*INFORMATION PROVIDED*
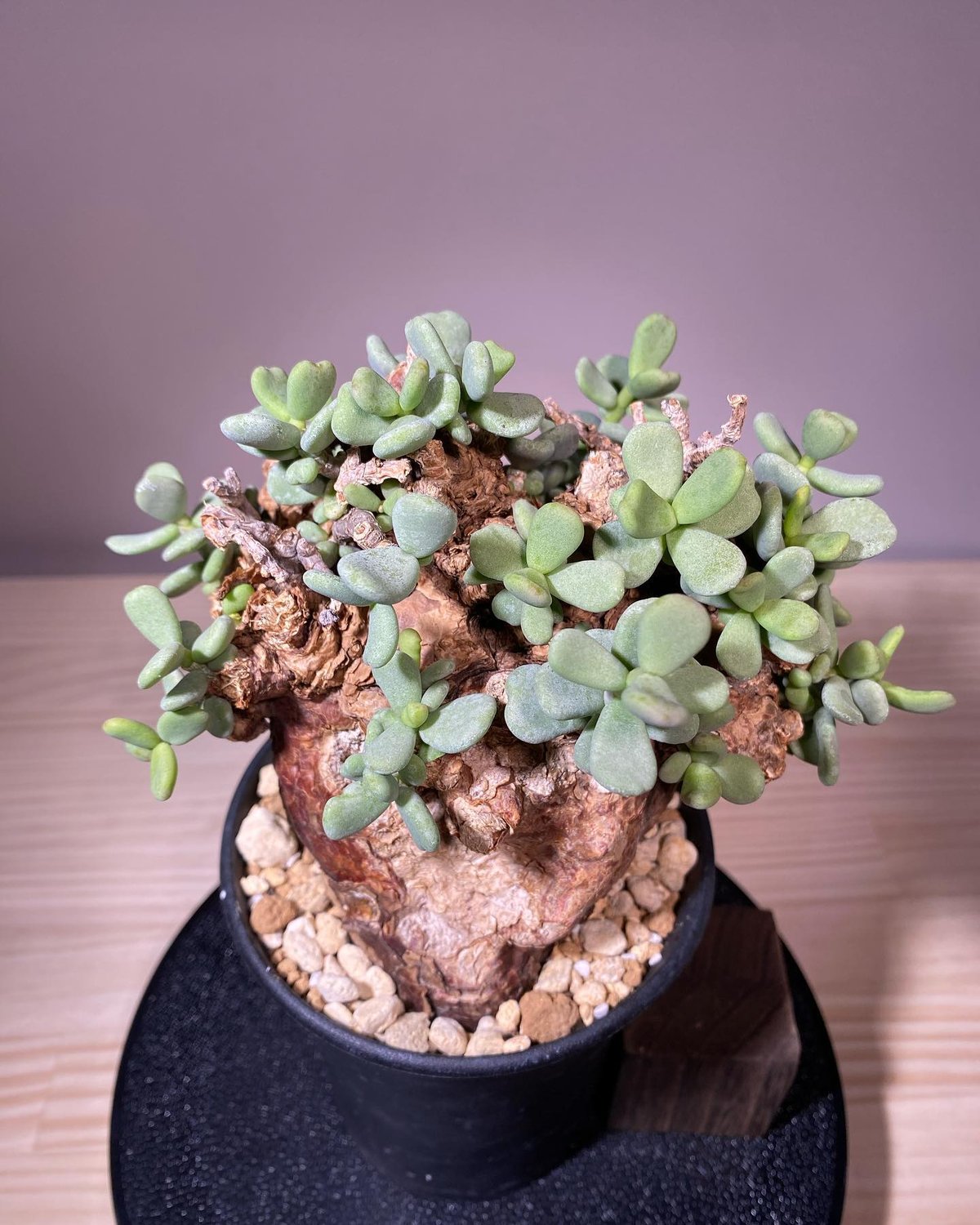 ケラリア ピグマエア／Ceraria pygmaea 発根済 (商品番号pm-5) | RIS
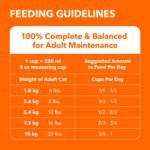 IAMS Proactive Health Senior Dry Cat Food, Chicken Flavour, 3.18kg | Real Chicken 1st Ingredient, no fillers, Vitamin E immune support, taurine for heart health, grain free - Image 14
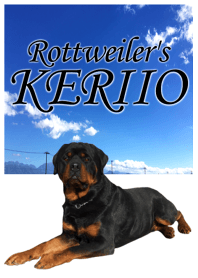 Rottweiler's KERIIO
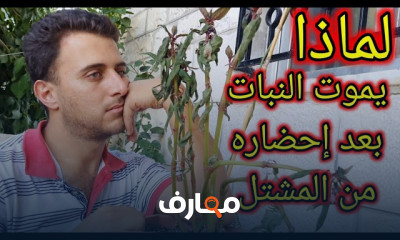 زراعة الباذنجان في المنزل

*WORK ORDER*
Return each line above exactly; any pictures are to be skipped.

*RESULT FOR THIS EXERCISE*
 ケラリア ピグマエア／Ceraria pygmaea 発根済 (商品番号pm-5) | RIS
 IAMS Proactive Health Senior Dry Cat Food, Chicken Flavour, 3.18kg | Real Chicken 1st Ingredient, no fillers, Vitamin E immune support, taurine for heart health, grain free - Image 14
 Rottweiler's KERIIO
 زراعة الباذنجان في المنزل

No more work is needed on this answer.